Ливень прошёл, по саду быстро скользили золотые пятна солнца, встряхивали ветвями чисто вымытые деревья, с листьев падали светлые, живые, как ртуть, капли, и воздух, тёплый, точно в бане, был густо насыщен запахом пареного листа.

На дворе свежо звучали голоса.

— Я думала — гра-ад будет! — пела Наталья.

Смеялись дети, им вторил Шакир своим невесёлым, всхлипывающим смешком, звонко просыпались слова Алексея, — всегда особенные:

— Как милостыньку швырнули нам, — сердито брошено! Нате, захлебнитесь, постылые!

Слушая, как неприятно отдаются все звуки в пустой его груди, Кожемякин подумал: «А она мне не хотела милостыню дать…»

Вдруг стало стыдно до озлобления, захотелось схватить себя за волосы, выпрыгнуть в окно и лечь в грязь лицом, как свинья, или кричать, ругаться

Шумно чирикали воробьи, в зелени рябины тенькал зяблик, одобрительно каркали вороны, а на дворе кричала Люба:

— Ой, ой, ты потонешь…

Раздался сердитый возглас Евгении:

— Борис, перестань!

А Ванюшка Хряпов басом сообщил:

— Он уз всё лавно моклый…

Матвей почувствовал, что по лицу его тяжело текут слёзы, одна, холодная, попала в рот, и её солоноватый вкус вызвал у него желание завыть, как воют волки.

«Уйдёт, уедет!»

Ему казалось, что он не в силах будет встретить её ни завтра, никогда, — как одолеть свой мужской стыд перед нею и эту всё растущую злость?

«Я — сам уеду! Ещё скажешь ей что-нибудь…»

Робко отворилась дверь, — Матвей быстро отёр лицо, повернулся: это Шакир.

— Чай пить нада!

— Не буду я. Вели Алексею коня заложить. Я, может, в Балымерах ночую.

Татарин исчез и за дверью сказал кому-то печально:

— Балымерам едит…

Снова отворилась дверь, и светло вспыхнула надежда, — он опустил голову, слушая тихие, ласковые слова:

— Вот что, Матвей Савельич, давайте забудем всё это, тёмное, поговорим дружески…

— Евгенья Петровна, родимая! — отозвался он, не глядя на неё. — Околдовала ты меня на всю жизнь!
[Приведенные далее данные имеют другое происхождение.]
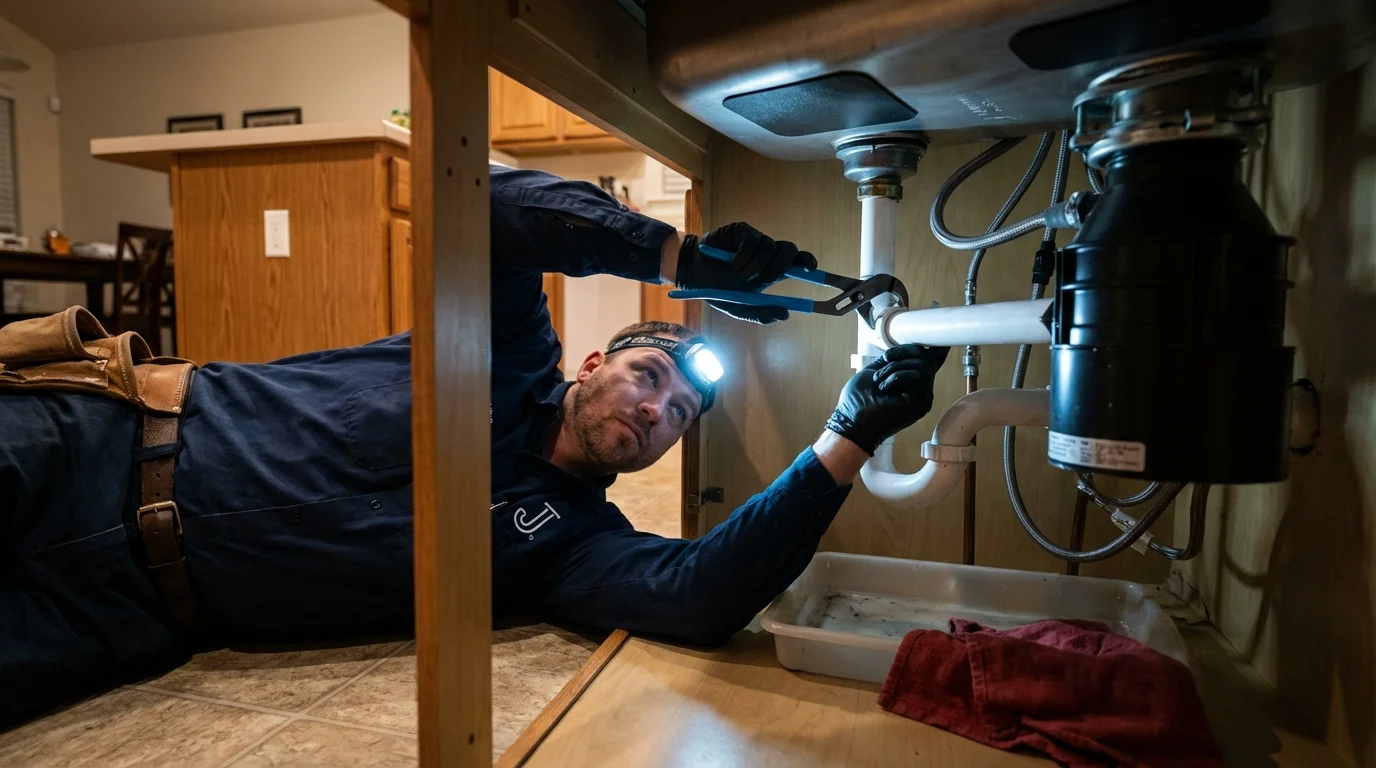 P-trap and supply line connections under a kitchen sink showing a common leak point in Jamestown, ND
Стыдно мне, — уйди, пожалуйста!

В нём кипело желание броситься к ней, схватить её и так стиснуть, мучить, чтобы она кричала от боли.

— Послушайте, я- не могу, потому что…

— Уйди! — глухо и настойчиво повторил он.

Она бесшумно ушла.

 

Через полчаса он сидел в маленьком плетёном шарабане, ненужно погоняя лошадь; в лицо и на грудь ему прыгали брызги тёплой грязи; хлюпали колёса, фыркал, играя селезёнкой, сытый конь и чётко бил копытами по лужам воды, ещё не выпитой землёю.

Крепко стиснув зубы, Матвей оглядывался назад — в чистом и прозрачном небе низко над городом стояло солнце, отражаясь в стёклах окон десятками огней, и каждый из них дышал жаром вслед Матвею.

Расстегнув ворот рубахи, он прикрыл глаза ресницами и мотал головою, чтобы избежать грязных брызг, а они кропили его, и вместе с ними скакали какие-то остренькие мысли.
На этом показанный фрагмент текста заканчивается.